Addition of paragraphs 3 and 4 in §27 of the Company's Articles of Association to read:

 

"3. The provisions of Articles 3801 and 382 § 31 point 3 of the Commercial Companies Code shall not apply.

(4) The board of supervisory directors may resolve that a certain matter relating to the Company's business or assets shall be examined by an adviser of its choice (adviser to the board of supervisory directors) at the Company's expense. An advisor to the Supervisory Board may also be selected to prepare certain analyses and opinions. The total remuneration due to the Supervisory Board's advisors in the Company's financial year may not exceed the amount of PLN 100,000 (one hundred thousand)."

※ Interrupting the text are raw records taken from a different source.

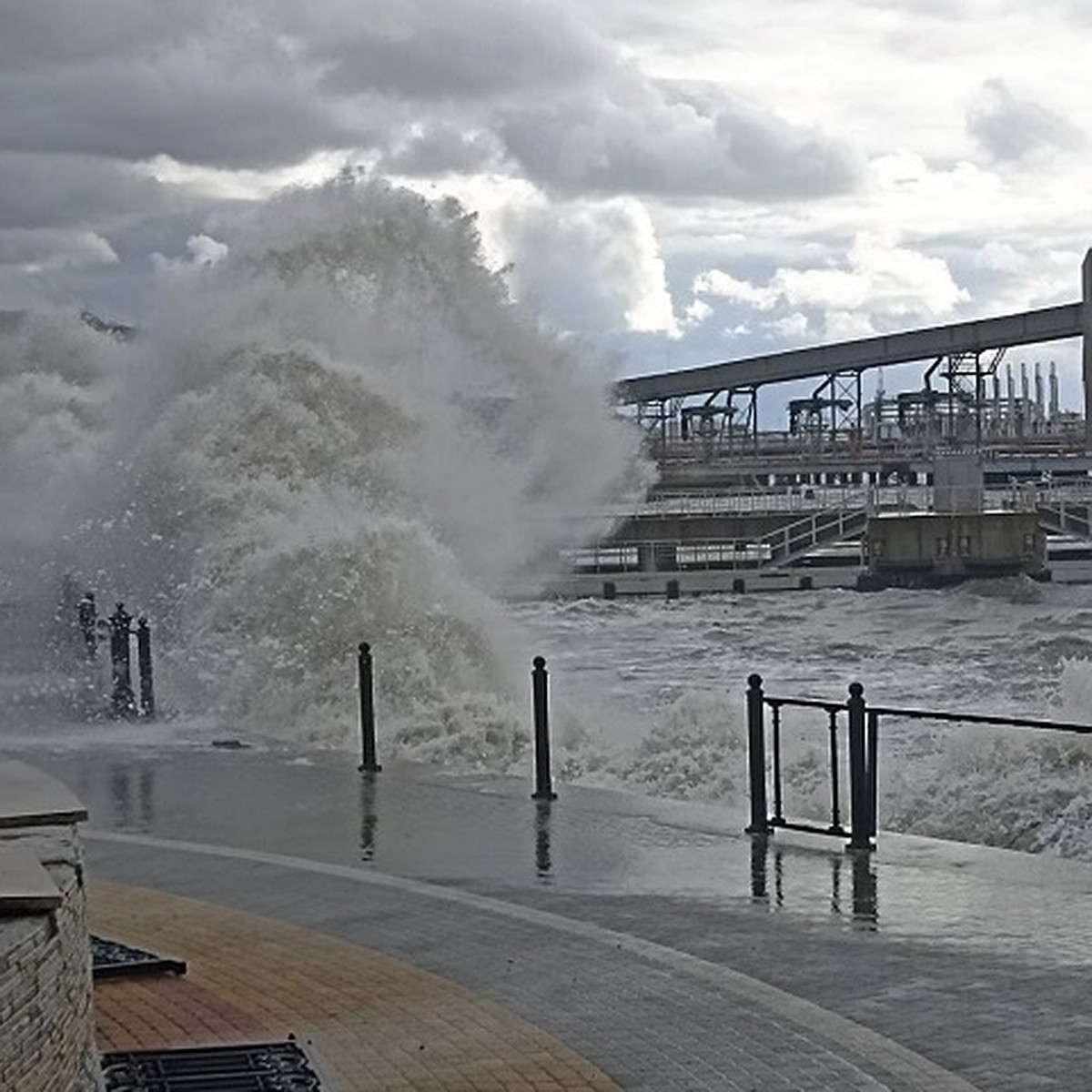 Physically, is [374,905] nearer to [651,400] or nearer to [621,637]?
[621,637]

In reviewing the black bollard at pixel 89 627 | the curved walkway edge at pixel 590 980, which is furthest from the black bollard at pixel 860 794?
the black bollard at pixel 89 627

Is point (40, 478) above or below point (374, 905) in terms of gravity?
above

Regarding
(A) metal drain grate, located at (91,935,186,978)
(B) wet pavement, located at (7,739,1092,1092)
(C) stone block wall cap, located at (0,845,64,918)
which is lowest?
(B) wet pavement, located at (7,739,1092,1092)

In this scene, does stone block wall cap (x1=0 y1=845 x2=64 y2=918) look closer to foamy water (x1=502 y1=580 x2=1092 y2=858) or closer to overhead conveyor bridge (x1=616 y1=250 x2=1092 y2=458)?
foamy water (x1=502 y1=580 x2=1092 y2=858)

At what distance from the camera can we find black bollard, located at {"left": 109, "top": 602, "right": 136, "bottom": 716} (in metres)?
19.8

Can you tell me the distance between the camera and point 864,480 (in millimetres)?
126938

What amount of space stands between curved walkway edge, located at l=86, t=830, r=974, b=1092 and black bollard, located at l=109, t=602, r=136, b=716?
26.9 ft

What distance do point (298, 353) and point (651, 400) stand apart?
107356mm

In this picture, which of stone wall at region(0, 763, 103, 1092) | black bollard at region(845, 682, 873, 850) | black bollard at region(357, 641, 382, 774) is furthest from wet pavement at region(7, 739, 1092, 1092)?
stone wall at region(0, 763, 103, 1092)

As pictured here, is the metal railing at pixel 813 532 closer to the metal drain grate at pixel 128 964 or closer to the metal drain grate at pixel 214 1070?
the metal drain grate at pixel 128 964

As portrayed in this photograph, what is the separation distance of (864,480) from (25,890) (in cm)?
12365

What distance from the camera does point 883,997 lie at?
7.93 meters

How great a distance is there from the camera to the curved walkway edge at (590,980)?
22.9 ft

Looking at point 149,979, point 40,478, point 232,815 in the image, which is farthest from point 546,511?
point 149,979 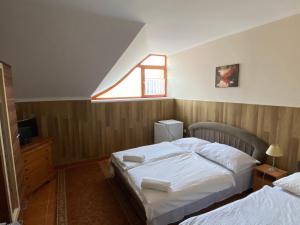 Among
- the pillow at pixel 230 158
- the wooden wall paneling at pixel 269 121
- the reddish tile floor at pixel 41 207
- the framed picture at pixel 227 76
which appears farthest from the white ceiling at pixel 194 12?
the reddish tile floor at pixel 41 207

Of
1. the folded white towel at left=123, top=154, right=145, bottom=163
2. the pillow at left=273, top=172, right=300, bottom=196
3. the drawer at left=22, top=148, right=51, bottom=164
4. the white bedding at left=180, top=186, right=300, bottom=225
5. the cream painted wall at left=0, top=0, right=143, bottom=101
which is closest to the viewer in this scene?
the white bedding at left=180, top=186, right=300, bottom=225

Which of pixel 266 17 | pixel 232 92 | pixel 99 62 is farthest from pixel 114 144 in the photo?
pixel 266 17

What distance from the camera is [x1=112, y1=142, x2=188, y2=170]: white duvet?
8.72 ft

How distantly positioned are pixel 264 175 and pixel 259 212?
1039mm

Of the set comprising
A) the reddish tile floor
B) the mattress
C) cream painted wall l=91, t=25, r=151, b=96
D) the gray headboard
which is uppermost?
cream painted wall l=91, t=25, r=151, b=96

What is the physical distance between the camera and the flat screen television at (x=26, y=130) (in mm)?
2752

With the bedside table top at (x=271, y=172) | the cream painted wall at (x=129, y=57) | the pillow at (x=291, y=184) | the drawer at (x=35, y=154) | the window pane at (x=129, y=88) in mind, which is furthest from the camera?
the window pane at (x=129, y=88)

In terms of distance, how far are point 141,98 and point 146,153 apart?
177cm

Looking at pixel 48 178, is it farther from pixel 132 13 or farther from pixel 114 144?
pixel 132 13

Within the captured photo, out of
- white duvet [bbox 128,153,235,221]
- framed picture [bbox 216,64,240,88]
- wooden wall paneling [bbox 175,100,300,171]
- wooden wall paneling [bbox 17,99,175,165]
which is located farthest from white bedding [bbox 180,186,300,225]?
wooden wall paneling [bbox 17,99,175,165]

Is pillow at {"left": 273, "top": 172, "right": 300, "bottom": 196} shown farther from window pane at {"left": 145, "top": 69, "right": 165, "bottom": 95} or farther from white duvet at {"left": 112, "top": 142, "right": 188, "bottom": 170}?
window pane at {"left": 145, "top": 69, "right": 165, "bottom": 95}

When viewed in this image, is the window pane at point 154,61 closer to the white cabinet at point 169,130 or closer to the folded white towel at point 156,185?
the white cabinet at point 169,130

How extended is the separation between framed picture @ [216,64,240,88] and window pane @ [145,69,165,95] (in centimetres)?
185

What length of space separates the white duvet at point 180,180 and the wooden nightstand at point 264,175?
0.41m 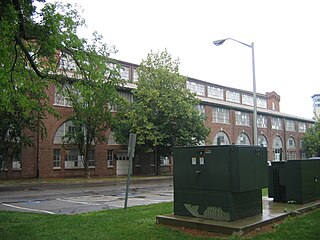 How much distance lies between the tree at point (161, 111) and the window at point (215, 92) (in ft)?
64.6

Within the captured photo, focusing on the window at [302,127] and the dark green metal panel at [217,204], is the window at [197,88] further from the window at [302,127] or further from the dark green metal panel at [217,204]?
the dark green metal panel at [217,204]

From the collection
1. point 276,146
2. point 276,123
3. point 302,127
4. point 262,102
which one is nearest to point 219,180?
point 276,146

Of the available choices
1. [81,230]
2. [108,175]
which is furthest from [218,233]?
[108,175]

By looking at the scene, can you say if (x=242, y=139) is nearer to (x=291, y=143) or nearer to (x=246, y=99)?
(x=246, y=99)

Amend paragraph 8 in §28 of the Company's Articles of Association in its entirety to read as follows:

 

"8 The Supervisory Board shall operate on the basis of the Rules of Procedure of the Supervisory Board adopted by the Supervisory Board. The rules of operation of the Supervisory Board may be regulated in the Rules of Procedure of the Supervisory Board differently from Article 389 of the Code of Commercial Companies, to the extent that this is permissible."

Legal basis: § 5(1) of the Ordinance of the Minister of Finance of 29 March 2018 on current and periodic information provided by issuers of securities and the conditions for recognising as equivalent the information required by the laws of a non-member state _Dz. U. of 2018, item 757 as amended.